Memorandum issued October 23, 1987
from Donald E. Campbell, Acting Director
to Designated Agency Ethics Officials,
Inspectors General, General Counsels
and Other Interested Persons
Regarding Acceptance of Food and Refreshments
by Executive Branch Employees

Recent news articles have suggested that this Office has issued a "new rule" on acceptance of breakfasts, lunches or dinners by executive branch employees from members of the news industry, lobbyists, lawyers and contractors. That "new" rule was simply a newly revised version of the Federal Communications Commission's (FCC's) standards of conduct which does not vary from this Office's long-standing interpretations of Executive Order 11222 and Part 735 of 5 C.F.R. While some news reports were unclear about the origin of the rule, most reports did generally state the correct interpretation of the rule prohibiting executive branch employees from accepting free food and entertainment when provided for by prohibited sources. In general, an executive branch employee's acceptance of "one-on-one" meals from someone who hosts that individual because of his or her Government position is prohibited, regardless of the cost of the meal.1

The context in which this issue arose was this Office's response to the Federal Communications Commission's request for guidance as to the proper implementation of its rule permitting the acceptance of certain food and refreshments at group functions. Earlier this year the Commission had drafted an amendment to its version of the standard language in § 735.202(b)(2), in order to clarify what constituted an appropriate luncheon or business meeting as well as to establish a standard for employees of the agency to use in determining whether they might attend and accept the food and refreshments at a widely-attended meeting or reception hosted by an otherwise prohibited source of gifts to employees of the agency. Because the latter issue has not been addressed by most agencies' standards of conduct, their regulations lack an exception which would permit employee attendance at such functions.
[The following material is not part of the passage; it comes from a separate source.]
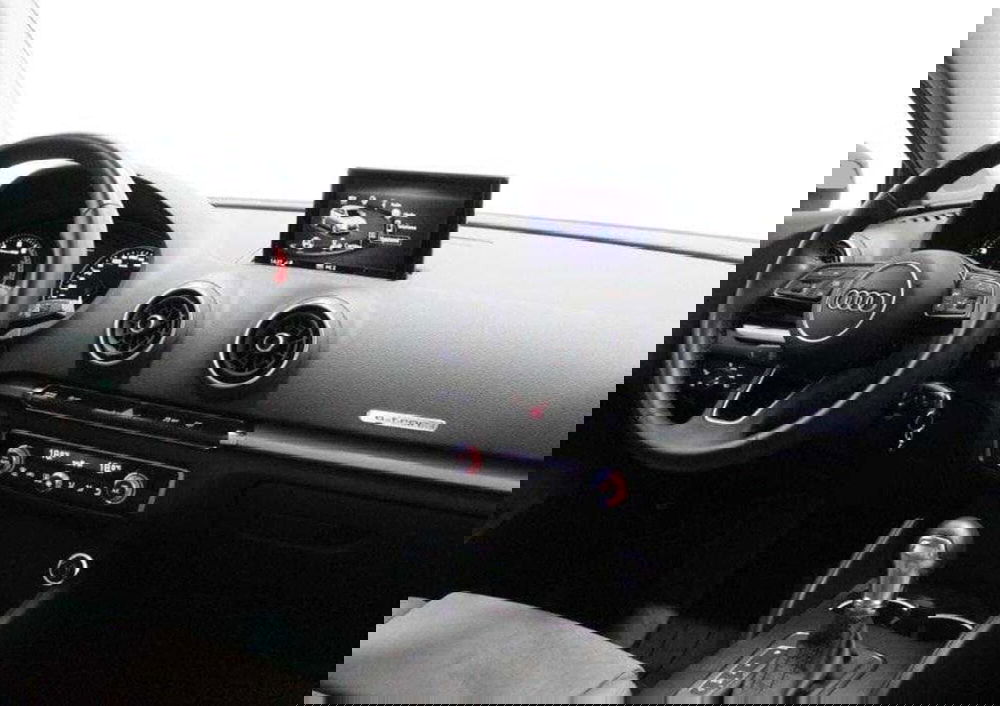 Audi A3 Sportback usata a Bari (4)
Consequently, we have encouraged agencies to draft an exception, subject to our approval, to permit agency employees to attend this typical Washington event when their attendance would be beneficial to the mission of the agency. (See OGE Informal Advisory Letter 85 x 9.)

After discussing the basic restrictions and this exception with this Office, the FCC chose also to make it clear that the standard gift restriction applies to a meal offered by an individual member of the news media as well as a communications organization which is regulated by the Commission when that meal is offered simply because of the Commission employee's position. When members of the news media recognized that they too are considered "prohibited sources" for gifts to executive branch employees when seeking information from them, they had a markedly renewed interest in the restriction.

The initial reaction of many members of the news media was to complain that they were being singled out in order to prohibit their access to Government officials. This is not and has never been the purpose of the rule. Further, from their perspective, if there had always been a general restriction against executive branch officials accepting one-on-one meals from "prohibited sources," it was being widely honored in the breach. While we believe that most executive branch officials are aware of and act within their agencies' regulations on this subject, to avoid further misunderstanding about this Office's long-standing position on this issue, we are providing this memorandum as a reminder. Those who have participated in our training sessions and have read our materials over the years, should find no surprises in this memorandum. Previously written materials of this Office are referenced where appropriate. We would suggest that if after reviewing this memorandum an agency ethics official believes there may be some misunderstandings on the part of the employees of his or her agency, a reminder should be sent to them.

Basic Administrative Rule

Pursuant to section 201 of Executive Order 11222 and the implementing regulations at 5 C.F.R. § 735.202(a), without a written exception drafted by his or her agency and approved pursuant to subsection (b) discussed below, an employee of the executive branch may not accept, directly or indirectly, anything of monetary value from an organization or person who:

(1) Has, or is seeking to obtain, contractual or other business or financial relations with his or her agency;
(2) Conducts operations or activities that are regulated by his or her agency; or
(3) Has interests that may be substantially affected by the performance or nonperformance of his or her official duty.

Meals and entertainment, as items of monetary value, clearly fall within these restrictions.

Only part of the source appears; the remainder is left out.